Briefly the prosecution’s case at the High Court was that, on the 15th February, 1999, there were series of robberies at No. 24 Ajana Street Ijako Ota and No.1 Oladosu Adigun Street Isorosi, Ota Ogun State. The premises were invaded by a gang of robbers armed with guns, daggers, cutlasses and sticks. The armed robbers overpowered the victims. During the robbery incident 2 sets of lace material, 2 sets of cupion material, a pair of kito slippers a pair of female shoe, a jacquard wrapper, one native agbada, 4 different types of Okenne material one lock set, 2 cassette players, one carpenter pipe range, 2 jeans trousers, one complete jarquard, one complete Ankara material one electric jug, 3 calculators, a bunch of keys, 4 traveling bags and money were all carted away by the robbers.
During the robbery operation, an alarm was raised.

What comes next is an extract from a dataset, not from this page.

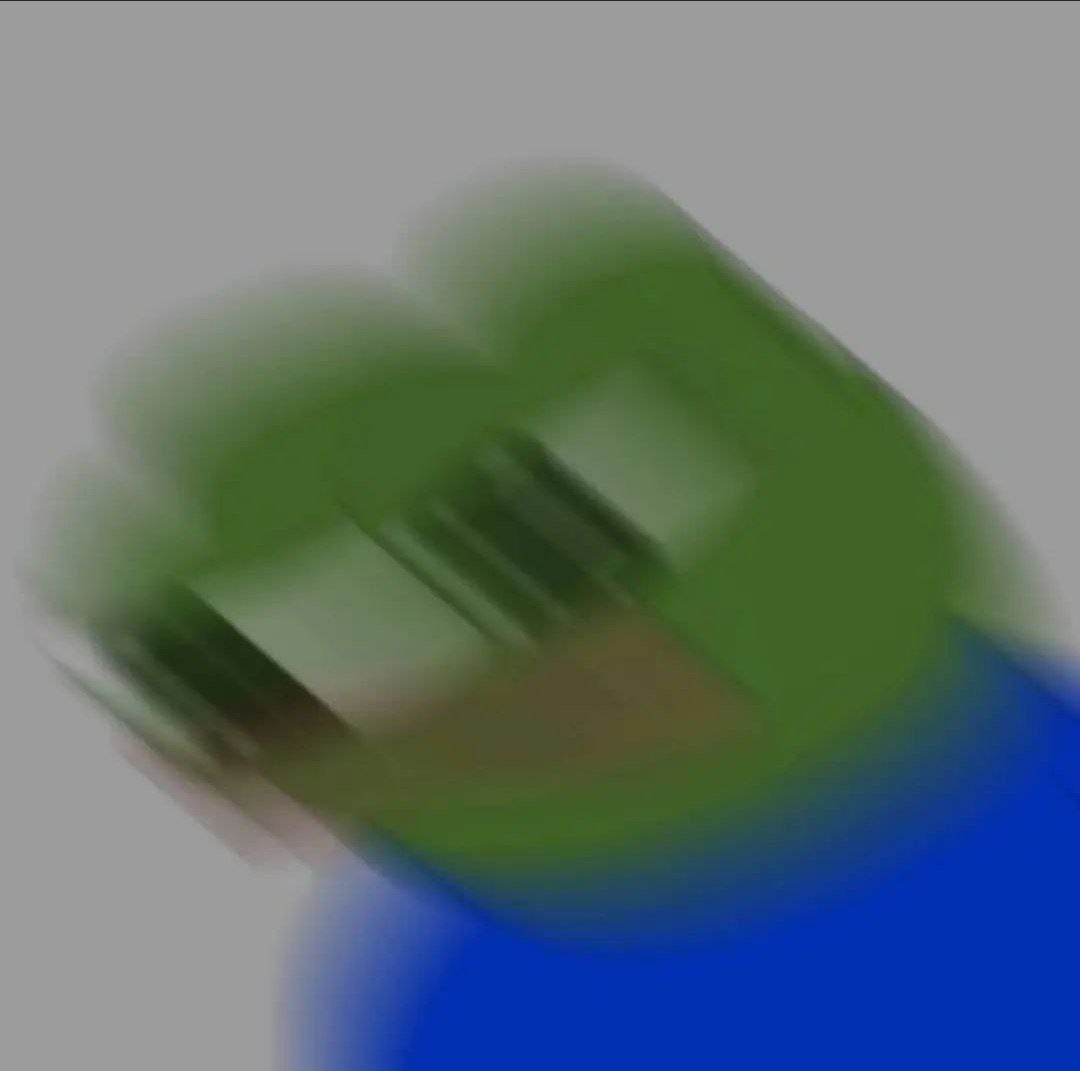 D O N T I (@dontirpanjait) on Twitter photo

The villagers and members of the vigilante group were on the lookout for the robbers. The Appellant and Abubakar Mohammed were seen around the vicinity of the robbery with bags. They were arrested and on searching the bags PW1, PW2, PW4, PW5 and PW6 identified their properties as among the properties recovered from the Appellant and Abubakar Mohammed. A case of conspiracy to commit armed robbery and armed robbery was incidental against the 1st, 3rd accused and the Appellant. At the end of the trial, the 1st accused and the Appellant were convicted. Being dissatisfied with the judgment the Appellant has now appealed to this Court. The Appellant filed an Amended Notice of Appeal dated 6/10/06, filed same date, but deemed as properly filed and served on the 11/10/06. In addition the Appellant filed a 2nd Amended Notice of Appeal dated 20/5/09 filed on the same date, but deemed as properly filed and served on the 13/5/10. The 2nd Amended Notice of Appeal contains the following grounds:-
GROUNDS OF APPEAL
1. The learned trial judge erred in law when he held that the Appellant was guilty of armed robbery without evaluating the evidence adduced in favour of the appellant.
PATICULARS
(i) The Learned trial judge in delivering his judgment stated the evidence adduced for both sides but did not go further to evaluate the evidence.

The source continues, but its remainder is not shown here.